I feed once a day right after loft flying or training toss. For every 6-8 birds I give one scoop (1 cup). This helps so much when I call them in... They fly to my call, hope this helps


----------



## Pollo70 (Jan 3, 2012)

I use the same system been working for years  once the birds are kitting and routing the seem to come down on command and trap with no hesitation


----------



## realtalk72 (Nov 7, 2009)

Try The Mike Ganus 123 System Do Your Research With Other Club Members And See Who Doing Well And You Should Be Fine...


----------



## sunshineracinglofts (Sep 1, 2011)

i feed once a day after train or toss i feed them until a few birds go to drink, i do this until tossing/racing starts, and then they are nice and trained to my whistle.... once racing starts i feed them a little bit in the morning ( id say 1/3 ration)already in the feeder when they get home from toss... when i get home from work,loft fly them with flagging for about 45 min-1 hr, call them in, man they will be trapping hard and hauling ass in!! give them food until a group of 5 or 6 starts drinking water. 

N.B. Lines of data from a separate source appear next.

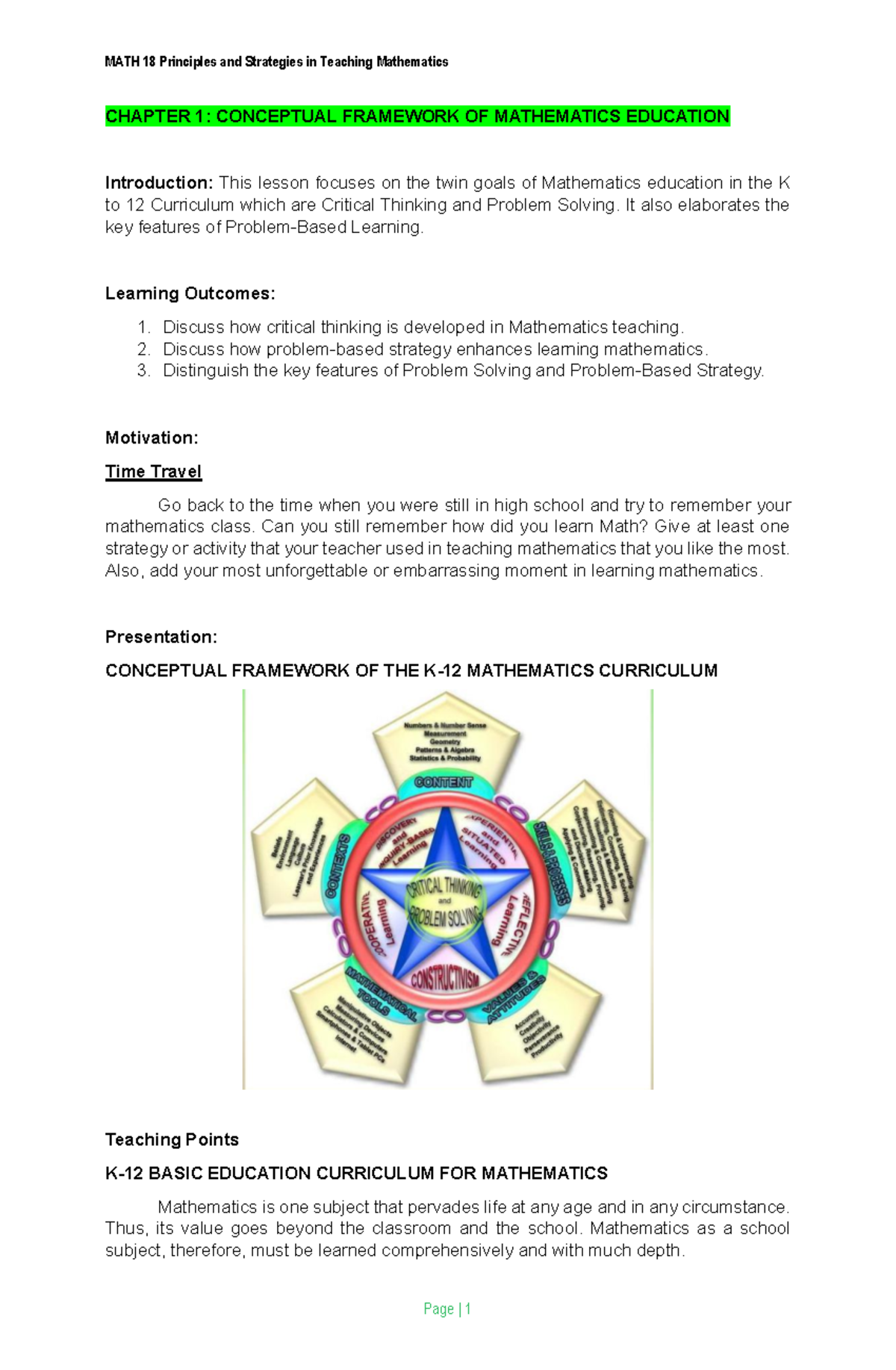MATH 18 Midterm Module: Principles & Strategies in Math Education - Studocu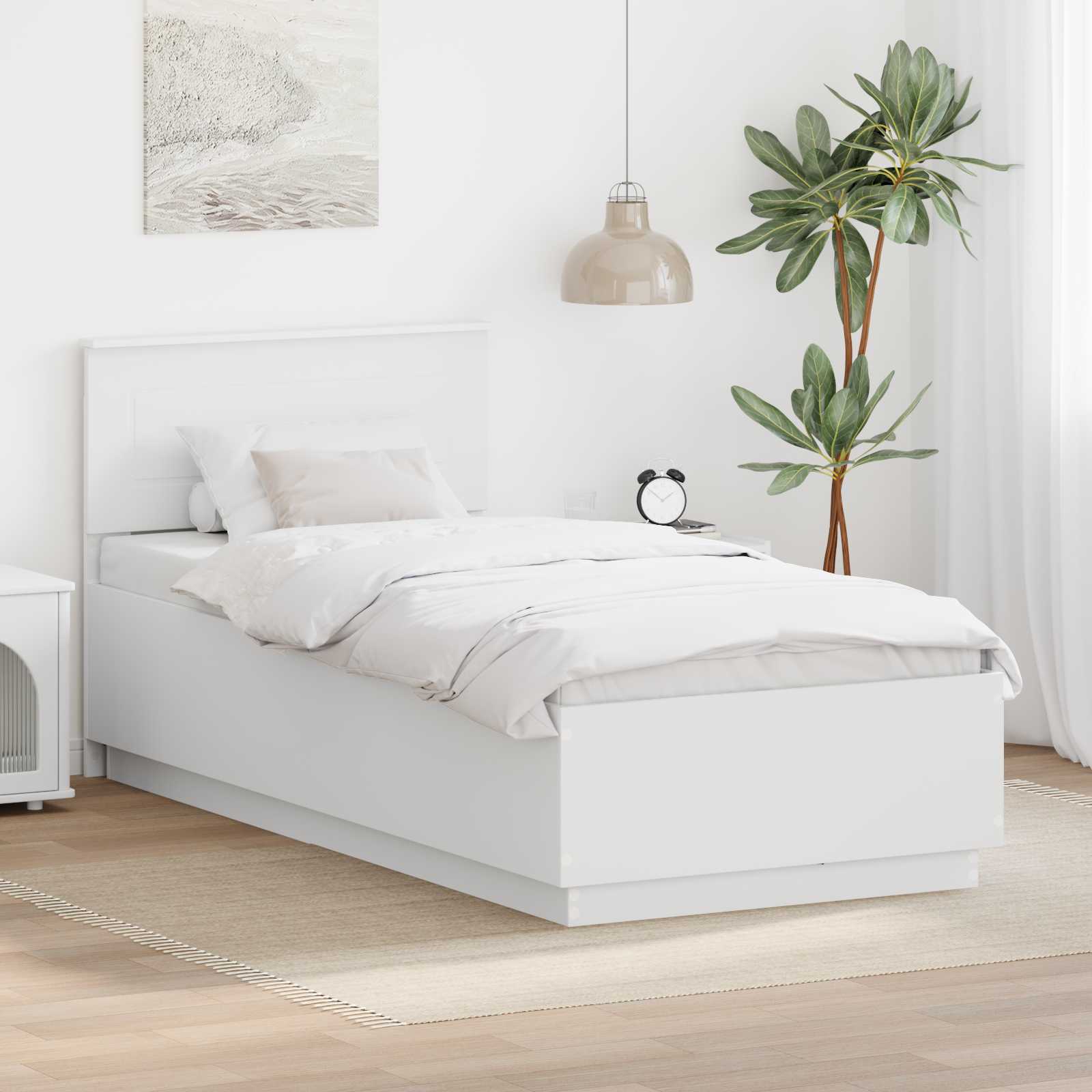 Krevetna konstrukcija Bijela 75 x 190 cm Konstruirano drvo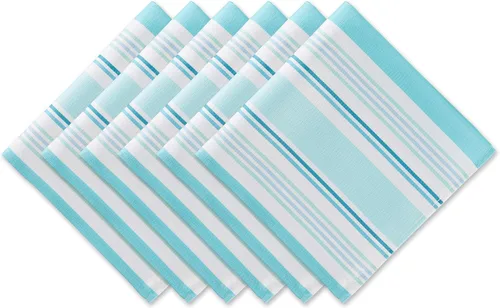 Miniatura 8 de DII - Colección de mesa de verano con rayas para exterior, uso múltiple, lavable a máquina, juego de manteles reversibles, 13x19, casa de playa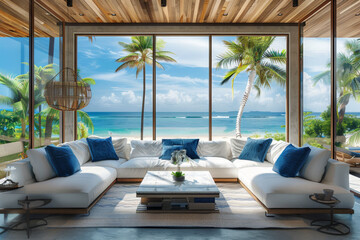 Modern Tropical Living Room with Ocean View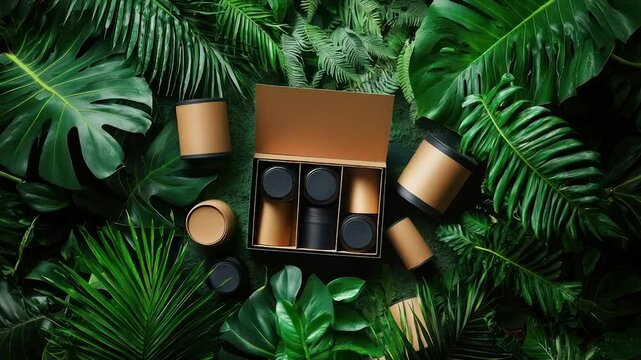 Eco-friendly packaging amidst lush greenery.  Various cylindrical containers in brown and black, nestled within a cardboard box, are displayed amongst vibrant tropical foliage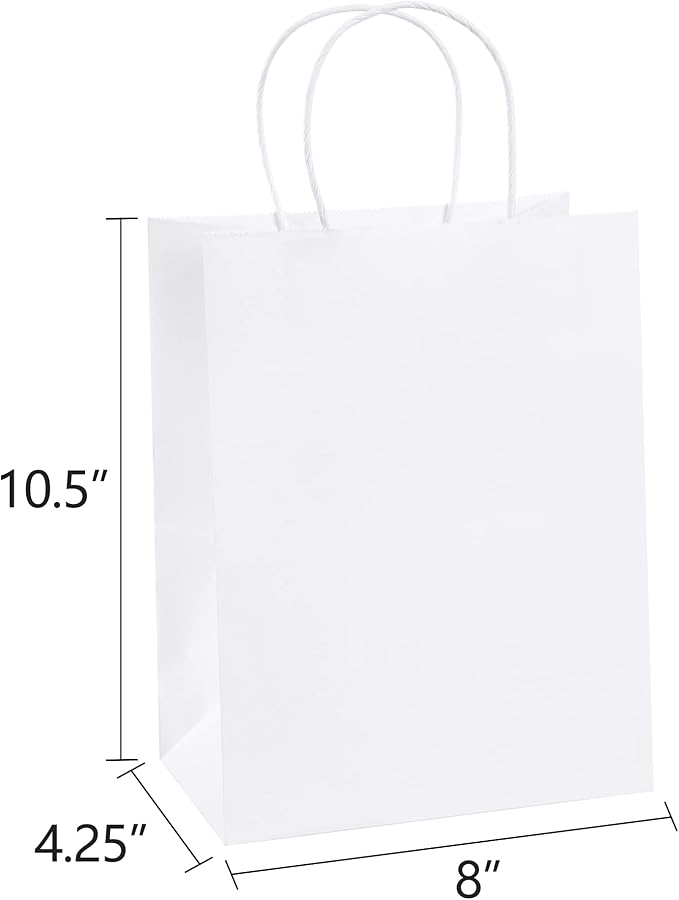 BagDream Gift Bags 8x4.25x10.5 100Pcs Kraft Paper Bags with Handles Bulk, White Gift Bags Medium Shopping Retail Merchandise Wedding Party Favor Bags, Paper Grocery Bags Sacks Recyclable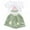 F-310Green, variant on ZHOGXU Kids Toddler Girls Outfits Short Sleeve Letter Watermelon Print Tops And Shorts Comfortable Fashion Set For Casual Daily Wear,Green,2-3 Years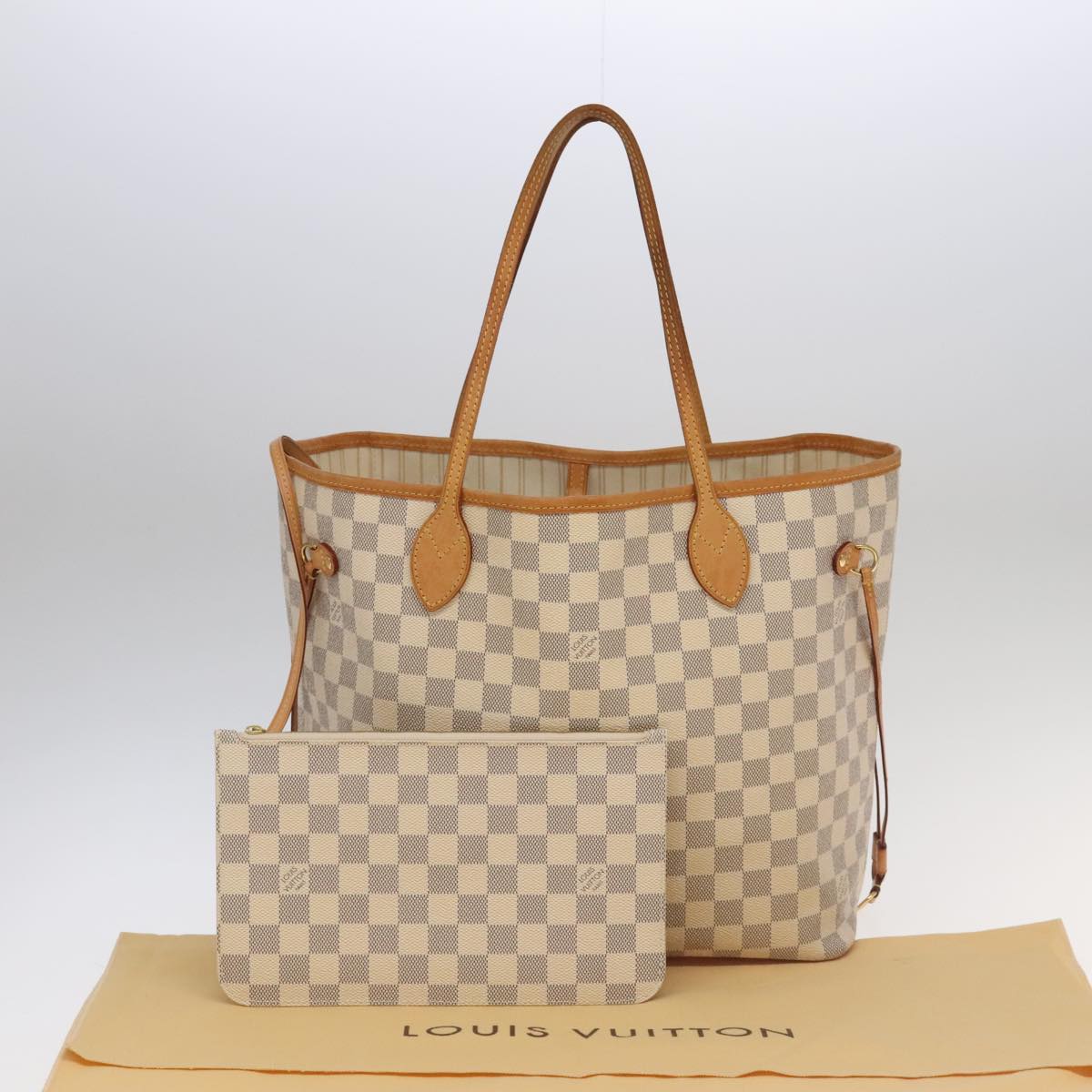 LOUIS VUITTON Damier Azur Neverfull MM Tote Bag N51107 LV Auth 101333A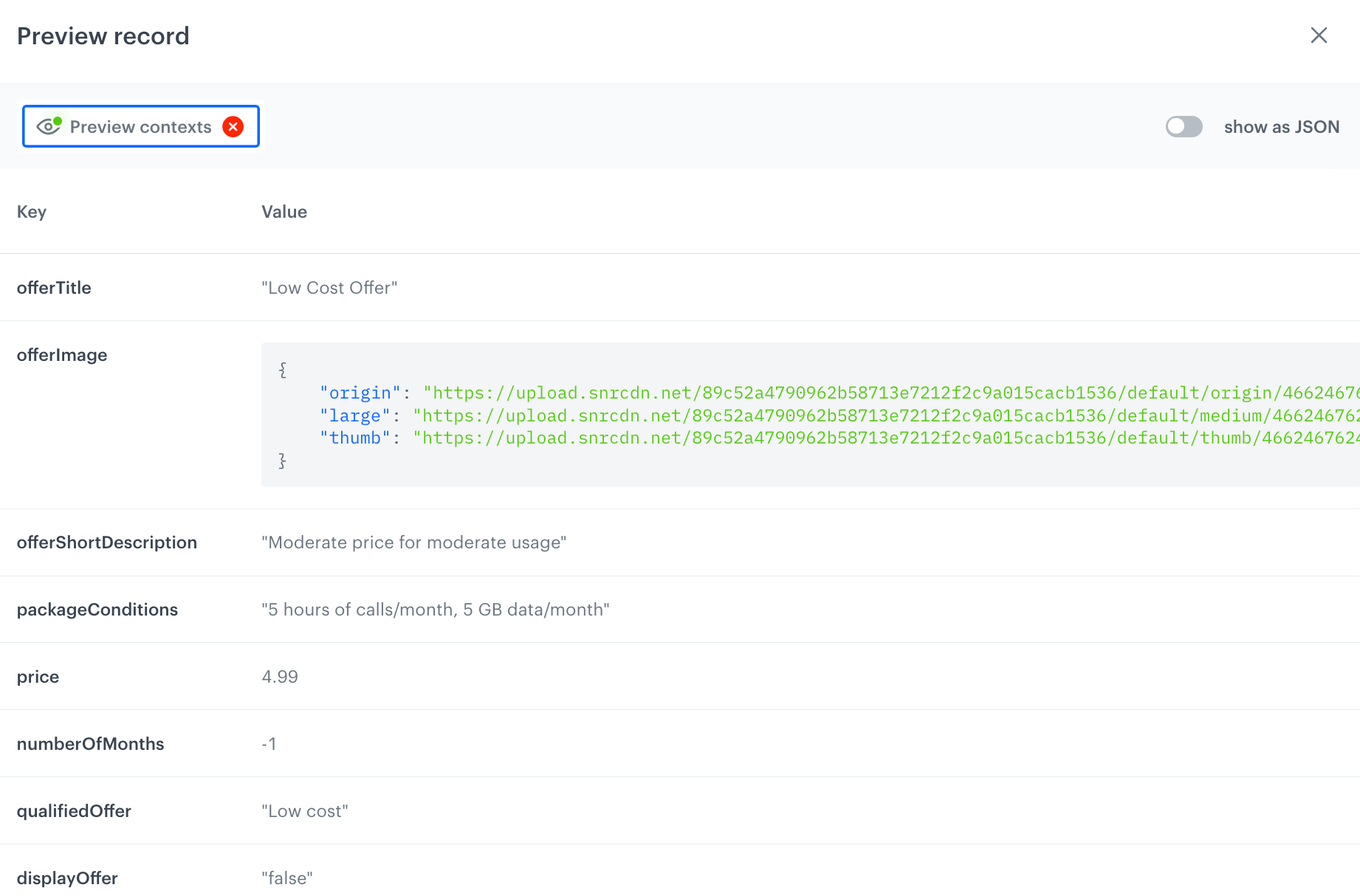 The view of the record results for an example profile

note: i put in extra safflour into my morning mix, because the birds love it. I train pretty hard and fat is good. This i believe is going to have them racing home on the training toss so they can be the first ones for the tasty safflour . I like the idea of feeding 1/3 ration too, because if you lag, you get no food until the evening. IMO it tells you who is healthy or not.

With this method, you will never have slow trapping birds!! from there first trap to trapping during race season, they will be trapping lighting fast. This becomes a habit, and when they hear my whistle they come hauling ass! This i think is important so in the longer races as old birds and the longer young bird races, races when you want your birds to be nice and fed, they will still trap fast for you. You dont want to have to starve them to get them trapped on the long races.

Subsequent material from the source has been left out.